Widerspenstiger UN-Botschafter, der den Generälen Myanmars die Stirn bietet.

Von Arne Perras

Er lächele viel in seinem Job, sagt er. Als Topdiplomat gehört das zum Geschäft. Andererseits ist ihm nur noch selten danach zumute. Innerlich müsse er jetzt häufig weinen, erzählte Kyaw Moe Tun vor einigen Tagen der Financial Times. Und das hat mit seiner geschundenen Heimat zu tun.

Der 52-Jährige aus Myanmar vertritt sein Land als UN-Botschafter bei den Vereinten Nationen in New York. Aber er ist ein erklärter Gegner der Generäle, die sich im Februar an die Macht putschten. Die Junta hat die zaghaften Anfänge der Demokratisierung zerschlagen. Gnadenlos jagt und tötet sie ihre Gegner. So ist auch das Leben für Kyaw Moe Tun sehr kompliziert geworden - und lebensgefährlich. Erst im August vereitelte das FBI einen geplanten Anschlag auf den Diplomaten in New York.

Dass er es mit skrupellosen Gegnern zu tun hat, wusste Kyaw Moe Tun schon vorher. Und doch ist der Plan der Junta gescheitert, den widerspenstigen Diplomaten noch vor Beginn der großen UN-Generaldebatte in dieser Woche loszuwerden. Die Generäle wollen einen eigenen Vertreter installieren, doch darüber dürfte bei den UN so schnell nicht entschieden werden. Und so bleibt nur einer, der nun zur vorgesehenen Zeit, am Nachmittag des 27. September, für das geschundene Myanmar sprechen könnte: Kyaw Moe Tun, der den Generälen so tapfer die Stirn bietet.

Mit Spannung wird erwartet, ob er die Weltbühne noch einmal nutzen wird, um die Junta in Grund und Boden zu reden. So wie damals, im Februar, als er den Putsch scharf verurteilte und die Welt um Hilfe anrief. Viele Staaten verhängten damals Sanktionen gegen das Regime, das um internationale Anerkennung ringt.

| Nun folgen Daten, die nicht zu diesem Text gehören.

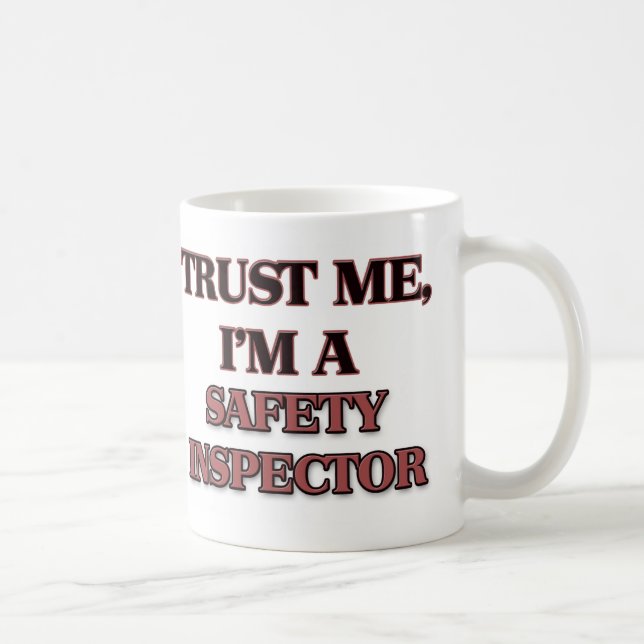 Mug Faites-moi confiance je suis UN INSPECTEUR de (Droite)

Der mutige Diplomat zeigte damals sogar den Drei-Finger-Gruß aus dem Film "Die Tribute von Panem", das rebellische Zeichen des Widerstands gegen die Junta. Als er an jenem Tag nach Hause kam, war seine Familie stolz auf ihn, auch wenn seine zwölfjährige Tochter anmerkte, dass er seine drei Finger nicht ganz korrekt gehalten habe. Sie gehörten eng zusammen, erklärte sie, nicht so gespreizt, wie ihr Vater sie in die Höhe hielt.

Nun ja, Kyaw Moe Tun war in solchen Dingen nicht geübt. Und er war auch nicht als Rebell geboren worden. Sein Vater stand im Dienste der burmesischen sozialistischen Partei, deren Vorsitzender sich 1962 an die Macht putschte. Kyaw Moe Tun wuchs auf in Zeiten der Diktatur, er studierte in Yangon internationale Beziehungen und später in Japan Wirtschaft. Als die Studenten 1988 in seiner Heimat auf die Straße gingen, um gegen das Militärregime zu protestieren, da machte Kyaw Moe Tun nicht mit. Er hörte auf seine Eltern, die wollten, dass er zu Hause blieb.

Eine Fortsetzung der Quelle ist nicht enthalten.